You want us to be able to decide to work more or less, to consume more or less, and so on, freely. None of this is lost in a parecon, and what is gained is an actual viable infrastructure for facilitating these choices. Suppose in social ecology you want to consume something really major. Do you just do it? No that wouldn’t be socially responsible. Do you just forget about it? That also makes no sense, you want it. I think you put in to work more so as to have a larger budget, so as to be able to afford it. But how much more? I think, again, parecon is an economic system, with no assumed can openers (I hope), that social ecologists should find congenial.
I wrote, earlier, “I just don’t think saying that local assemblies are going to be deciding economic outcomes offers a serious explanation of how these fine values are to be attained while also orienting production to meet needs and fulfill potentials.”
You reply: “I’d say this is an open question; we don’t have enough practical experience with either of our respective visions to give a definitive answer yet.”
Well, of course we can only put forth a vision and test and try it, and so on, refining as we proceed. But a vision has to answer the question, at least, it seems to me, to be saying enough to be able to be evaluated and to be a touchstone for strategy, etc.
And you add, “But it isn’t clear to me why you think that assemblies are structurally incapable of deciding economic outcomes, if that is in fact what you’re getting at. You seem to be saying that the same group of people (namely, all the workers and consumers in a given locality, in your terms) will be able to decide economic outcomes and orient production if they do so via the mechanism of councils, but not if they do so via the mechanism of assemblies.”
I am saying all actors need to engage in a complex process of arriving at all inputs and outputs of workplaces, consumer units, and individual consumers — and that this process spans all regions and involves people in different roles bringing to bear the knowledge and the preferences they develop in those roles.

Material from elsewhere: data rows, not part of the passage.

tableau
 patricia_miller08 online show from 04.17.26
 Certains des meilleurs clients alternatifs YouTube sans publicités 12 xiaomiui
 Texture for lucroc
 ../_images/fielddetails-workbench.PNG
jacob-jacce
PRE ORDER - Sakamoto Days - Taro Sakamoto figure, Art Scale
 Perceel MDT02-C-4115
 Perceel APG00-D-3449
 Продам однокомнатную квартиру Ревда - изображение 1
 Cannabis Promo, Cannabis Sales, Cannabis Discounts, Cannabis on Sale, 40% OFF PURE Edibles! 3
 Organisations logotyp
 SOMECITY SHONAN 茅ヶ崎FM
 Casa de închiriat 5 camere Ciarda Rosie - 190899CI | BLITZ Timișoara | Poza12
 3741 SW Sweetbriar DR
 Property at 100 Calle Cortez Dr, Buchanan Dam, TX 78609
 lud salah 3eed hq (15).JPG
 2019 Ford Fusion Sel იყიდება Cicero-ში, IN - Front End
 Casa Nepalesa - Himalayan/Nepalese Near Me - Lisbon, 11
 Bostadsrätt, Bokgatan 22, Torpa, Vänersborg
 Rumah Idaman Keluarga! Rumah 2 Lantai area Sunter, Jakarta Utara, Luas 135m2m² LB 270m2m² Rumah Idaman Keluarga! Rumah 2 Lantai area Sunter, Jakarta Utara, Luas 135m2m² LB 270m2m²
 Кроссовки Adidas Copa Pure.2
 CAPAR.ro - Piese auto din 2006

Suppose your assembly was for an area with ten thousand people. At some higher level there is some kind of federation covering 1ten million people. Suppose I said hey, we don’t need the lower level ones. Let’s just go with the big one, since, after all, everyone in the lower ones are in the big one too. It wouldn’t make any sense. Some issues are best discussed in the lower one. Some decisions are best made there. Moreover, other decisions, though ultimately the province of the big assembly — which really means of the negotiations among all the little assemblies in it — are best thought about and assessed for the emergence of diverse views, in the smaller assemblies, with the smaller ones arriving at viewpoints that clash and jangle with one another into a larger decision. I think we agree in all this. I don’t see why the same reasoning doesn’t lead you to see the efficacy, indeed primacy, of people meeting about economics decisions — little and big — not only where they live, but also where they work.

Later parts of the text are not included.